| Assigned task |
Give the records again in full, exactly as written.

| Data provided |
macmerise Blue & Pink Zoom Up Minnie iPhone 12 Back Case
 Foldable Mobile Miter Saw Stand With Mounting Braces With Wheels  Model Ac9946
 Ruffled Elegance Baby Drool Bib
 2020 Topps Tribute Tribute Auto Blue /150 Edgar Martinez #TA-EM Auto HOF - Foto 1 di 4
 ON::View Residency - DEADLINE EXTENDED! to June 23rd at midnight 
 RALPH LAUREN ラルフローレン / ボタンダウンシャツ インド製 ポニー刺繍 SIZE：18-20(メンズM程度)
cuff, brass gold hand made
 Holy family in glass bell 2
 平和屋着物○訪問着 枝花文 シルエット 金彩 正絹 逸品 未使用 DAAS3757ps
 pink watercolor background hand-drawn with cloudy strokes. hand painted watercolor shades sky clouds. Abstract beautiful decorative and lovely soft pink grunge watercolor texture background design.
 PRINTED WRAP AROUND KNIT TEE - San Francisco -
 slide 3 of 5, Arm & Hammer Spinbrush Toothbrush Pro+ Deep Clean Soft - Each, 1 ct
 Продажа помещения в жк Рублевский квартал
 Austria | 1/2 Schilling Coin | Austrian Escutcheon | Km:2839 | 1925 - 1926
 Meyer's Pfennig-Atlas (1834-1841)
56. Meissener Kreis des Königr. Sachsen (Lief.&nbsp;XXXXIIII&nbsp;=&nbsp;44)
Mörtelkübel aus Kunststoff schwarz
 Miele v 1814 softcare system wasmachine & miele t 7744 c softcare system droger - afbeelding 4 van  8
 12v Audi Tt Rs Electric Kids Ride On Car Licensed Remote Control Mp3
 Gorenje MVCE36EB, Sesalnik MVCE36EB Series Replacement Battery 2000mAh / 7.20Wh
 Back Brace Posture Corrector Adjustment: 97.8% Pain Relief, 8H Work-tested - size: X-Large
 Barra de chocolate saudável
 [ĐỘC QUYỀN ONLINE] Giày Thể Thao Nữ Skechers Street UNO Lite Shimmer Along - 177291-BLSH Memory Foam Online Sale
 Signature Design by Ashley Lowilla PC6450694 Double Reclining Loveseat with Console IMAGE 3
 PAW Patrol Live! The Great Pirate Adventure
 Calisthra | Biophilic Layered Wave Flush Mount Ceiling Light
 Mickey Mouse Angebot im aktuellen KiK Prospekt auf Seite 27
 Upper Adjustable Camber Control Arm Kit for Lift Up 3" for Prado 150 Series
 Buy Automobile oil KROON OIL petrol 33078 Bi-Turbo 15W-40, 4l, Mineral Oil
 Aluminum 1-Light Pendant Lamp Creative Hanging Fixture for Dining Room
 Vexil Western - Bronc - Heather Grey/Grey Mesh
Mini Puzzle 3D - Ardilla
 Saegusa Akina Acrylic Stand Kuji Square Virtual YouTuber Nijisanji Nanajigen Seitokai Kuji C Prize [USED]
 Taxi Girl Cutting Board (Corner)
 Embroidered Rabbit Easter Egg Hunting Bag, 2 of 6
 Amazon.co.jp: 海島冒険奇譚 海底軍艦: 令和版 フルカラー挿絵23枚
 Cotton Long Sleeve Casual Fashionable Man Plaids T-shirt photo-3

| Solution to this exercise |
macmerise Blue & Pink Zoom Up Minnie iPhone 12 Back Case
 Foldable Mobile Miter Saw Stand With Mounting Braces With Wheels  Model Ac9946
 Ruffled Elegance Baby Drool Bib
 2020 Topps Tribute Tribute Auto Blue /150 Edgar Martinez #TA-EM Auto HOF - Foto 1 di 4
 ON::View Residency - DEADLINE EXTENDED! to June 23rd at midnight 
 RALPH LAUREN ラルフローレン / ボタンダウンシャツ インド製 ポニー刺繍 SIZE：18-20(メンズM程度)
cuff, brass gold hand made
 Holy family in glass bell 2
 平和屋着物○訪問着 枝花文 シルエット 金彩 正絹 逸品 未使用 DAAS3757ps
 pink watercolor background hand-drawn with cloudy strokes. hand painted watercolor shades sky clouds. Abstract beautiful decorative and lovely soft pink grunge watercolor texture background design.
 PRINTED WRAP AROUND KNIT TEE - San Francisco -
 slide 3 of 5, Arm & Hammer Spinbrush Toothbrush Pro+ Deep Clean Soft - Each, 1 ct
 Продажа помещения в жк Рублевский квартал
 Austria | 1/2 Schilling Coin | Austrian Escutcheon | Km:2839 | 1925 - 1926
 Meyer's Pfennig-Atlas (1834-1841)
56. Meissener Kreis des Königr. Sachsen (Lief.&nbsp;XXXXIIII&nbsp;=&nbsp;44)
Mörtelkübel aus Kunststoff schwarz
 Miele v 1814 softcare system wasmachine & miele t 7744 c softcare system droger - afbeelding 4 van  8
 12v Audi Tt Rs Electric Kids Ride On Car Licensed Remote Control Mp3
 Gorenje MVCE36EB, Sesalnik MVCE36EB Series Replacement Battery 2000mAh / 7.20Wh
 Back Brace Posture Corrector Adjustment: 97.8% Pain Relief, 8H Work-tested - size: X-Large
 Barra de chocolate saudável
 [ĐỘC QUYỀN ONLINE] Giày Thể Thao Nữ Skechers Street UNO Lite Shimmer Along - 177291-BLSH Memory Foam Online Sale
 Signature Design by Ashley Lowilla PC6450694 Double Reclining Loveseat with Console IMAGE 3
 PAW Patrol Live! The Great Pirate Adventure
 Calisthra | Biophilic Layered Wave Flush Mount Ceiling Light
 Mickey Mouse Angebot im aktuellen KiK Prospekt auf Seite 27
 Upper Adjustable Camber Control Arm Kit for Lift Up 3" for Prado 150 Series
 Buy Automobile oil KROON OIL petrol 33078 Bi-Turbo 15W-40, 4l, Mineral Oil
 Aluminum 1-Light Pendant Lamp Creative Hanging Fixture for Dining Room
 Vexil Western - Bronc - Heather Grey/Grey Mesh
Mini Puzzle 3D - Ardilla
 Saegusa Akina Acrylic Stand Kuji Square Virtual YouTuber Nijisanji Nanajigen Seitokai Kuji C Prize [USED]
 Taxi Girl Cutting Board (Corner)
 Embroidered Rabbit Easter Egg Hunting Bag, 2 of 6
 Amazon.co.jp: 海島冒険奇譚 海底軍艦: 令和版 フルカラー挿絵23枚
 Cotton Long Sleeve Casual Fashionable Man Plaids T-shirt photo-3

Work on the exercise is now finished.